As the most seismically active regions in the world, oceanic subduction zones show contrasting seismicity in different regions. To investigate the relationships among the thermal structure, metamorphism, deformation, and fluid activity of oceanic subduction zones, we summarized progress in numerical modeling of oceanic subduction zones, pressure and temperature paths of high-and ultrahigh-pressure metamorphic rocks and ophiolites, deformation of the subduction plate interface, seismic observations in subduction zones, and stabilities of hydrous minerals. The thermal structure of subduction zones not only controls depths of dehydration embrittlement of hydrous minerals, but also affects the mechanical coupling state of the subduction plate interface, eclogitization of the subducted oceanic crust, and phase transition of metastable olivine in the subducted lithospheric mantle. Dehydration embrittlement of hydrous minerals is the primary mechanism of intermediate-depth earthquakes in subduction zones. Earthquakes in warm subduction zones predominantly occur at shallow to intermediate depths,where most hydrous minerals dehydrate at depths of 80–160 km beneath the arc and the amounts of earthquakes decrease sharply below 160 km.
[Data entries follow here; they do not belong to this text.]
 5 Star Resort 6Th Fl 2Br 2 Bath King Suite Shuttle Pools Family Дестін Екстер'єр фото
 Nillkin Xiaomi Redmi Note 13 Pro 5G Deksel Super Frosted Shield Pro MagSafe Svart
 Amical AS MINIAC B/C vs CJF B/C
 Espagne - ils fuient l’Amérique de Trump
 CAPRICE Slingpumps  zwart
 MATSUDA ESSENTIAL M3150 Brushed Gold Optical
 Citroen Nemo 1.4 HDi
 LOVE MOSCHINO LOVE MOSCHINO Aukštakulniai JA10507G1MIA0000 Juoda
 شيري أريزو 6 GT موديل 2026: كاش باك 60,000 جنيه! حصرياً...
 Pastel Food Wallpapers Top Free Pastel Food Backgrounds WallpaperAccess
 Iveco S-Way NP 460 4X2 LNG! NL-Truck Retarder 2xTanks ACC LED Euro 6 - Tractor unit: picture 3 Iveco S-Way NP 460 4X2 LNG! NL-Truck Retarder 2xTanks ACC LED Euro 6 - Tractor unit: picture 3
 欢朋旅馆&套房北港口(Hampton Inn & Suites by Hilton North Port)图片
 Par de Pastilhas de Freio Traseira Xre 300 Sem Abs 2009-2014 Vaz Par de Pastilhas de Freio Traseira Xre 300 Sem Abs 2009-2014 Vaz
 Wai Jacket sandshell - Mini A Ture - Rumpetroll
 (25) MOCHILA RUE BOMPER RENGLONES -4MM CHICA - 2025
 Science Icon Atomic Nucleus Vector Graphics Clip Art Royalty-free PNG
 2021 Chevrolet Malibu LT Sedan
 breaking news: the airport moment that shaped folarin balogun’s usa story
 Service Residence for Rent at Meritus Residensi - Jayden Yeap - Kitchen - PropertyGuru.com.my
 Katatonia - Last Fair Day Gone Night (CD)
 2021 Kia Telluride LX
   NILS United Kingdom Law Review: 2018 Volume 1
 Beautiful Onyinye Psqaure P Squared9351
By contrast, earthquakes in cold subduction zones distribute continuously to ～300 km and hydrous minerals release water at greater depths. Nominally anhydrous minerals and dense hydrous magnesium silicates could carry water down to depths >300 km, resulting in localized water enrichment in the mantle transition zone. More experimental and seismic evidence is needed to decipher how fluid activity triggers slow earthquakes and deep-focus earthquakes. Knowledge about the origins of ophiolites and fossil earthquakes in ancient subduction zones will provide new insights into the tectonic evolution, the deep water cycle, and earthquake mechanisms of oceanic subduction zones.